Eden Hills, South Australia facts for kids
Quick facts for kidsEden Hills
Adelaide, South Australia
|Population||2,981 (2016 census)|
|LGA(s)||City of Mitcham|
Eden Hills is a south eastern suburb located in the foothills of Adelaide, South Australia. It is part of the local government area of the City of Mitcham.
Whilst the derivation of the name is not conclusive, the Department of Lands Grant Book reveals the first land owner in the area was William Detmar Cook who purchased a property on 29 October 1839. Cook was Master of the barque Eden.
There was little settlement of the area until the early 1880s, when the railway from Adelaide to Nairne opened, being the first stage in the plan to link Adelaide to Melbourne. In 1883, a syndicate comprising John Whyte, James Cowan, Ebenezer Ward, John Hill, R.D. Moore, Seth Ferry and G.H. Catchlove acquired the sections of land where the suburb is now centred, and following a survey laid out the land into allotments.
Around that time Edwin Ashby moved into the area. Ashby and fellow land agent and financier Ernest Saunders owned and largely developed much of Eden Hills from 1890 and Ashby established the property Wittunga (now the Wittunga Botanic Garden) in Blackwood.
The opening of the Eden Hills railway station in 1911 hastened development in the area. A post office and store opened in 1912 and a school (now Eden Hills Primary School) opened in 1916. The school's original stone classroom survives as a reception area. The Ashby family instigated the building of a Friends meeting house in 1912 which served as a venue for several religious denominations, the local dramatic society and other community events. It was demolished in 1956. An Anglican Parish Hall was built in 1927, and a Methodist church established in 1937, moving to its current location (now Eden Hills Uniting Church) in 1957.
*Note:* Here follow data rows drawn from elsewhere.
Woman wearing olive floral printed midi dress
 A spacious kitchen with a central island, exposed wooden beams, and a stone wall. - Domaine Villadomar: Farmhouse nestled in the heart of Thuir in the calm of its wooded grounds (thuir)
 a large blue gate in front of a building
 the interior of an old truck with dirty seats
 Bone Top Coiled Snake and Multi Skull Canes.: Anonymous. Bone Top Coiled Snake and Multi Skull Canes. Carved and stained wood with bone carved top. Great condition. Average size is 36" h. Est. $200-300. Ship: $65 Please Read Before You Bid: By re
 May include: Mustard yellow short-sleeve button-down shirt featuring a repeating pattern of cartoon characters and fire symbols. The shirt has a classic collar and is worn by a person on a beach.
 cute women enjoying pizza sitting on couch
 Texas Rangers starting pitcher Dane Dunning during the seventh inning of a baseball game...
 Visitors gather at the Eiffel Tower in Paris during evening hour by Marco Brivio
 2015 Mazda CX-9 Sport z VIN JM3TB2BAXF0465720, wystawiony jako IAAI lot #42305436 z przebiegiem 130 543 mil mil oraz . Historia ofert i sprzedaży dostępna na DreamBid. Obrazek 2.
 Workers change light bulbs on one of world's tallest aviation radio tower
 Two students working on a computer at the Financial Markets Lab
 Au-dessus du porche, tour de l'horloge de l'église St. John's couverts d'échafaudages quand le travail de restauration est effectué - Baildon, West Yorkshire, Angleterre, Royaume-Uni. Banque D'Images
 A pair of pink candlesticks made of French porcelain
A brickworks was established near the railway line and (originally Shephard's) Shepherds Hill Road in 1881 to facilitate the building of railway tunnels and remained in operation until 1933. A smaller brickyard operated near Parham Road from 1884-1930. Nearby in Wade Road is Seaview, the oldest known residence in Eden Hills, built in 1849.
Places of interest
Blackwood High School, Blackwood Primary School and Eden Hills Primary School are located in Eden Hills. Eden Hills railway station is on the Belair railway line. Eden Hills also has a Country Fire Service Station, established in 1951.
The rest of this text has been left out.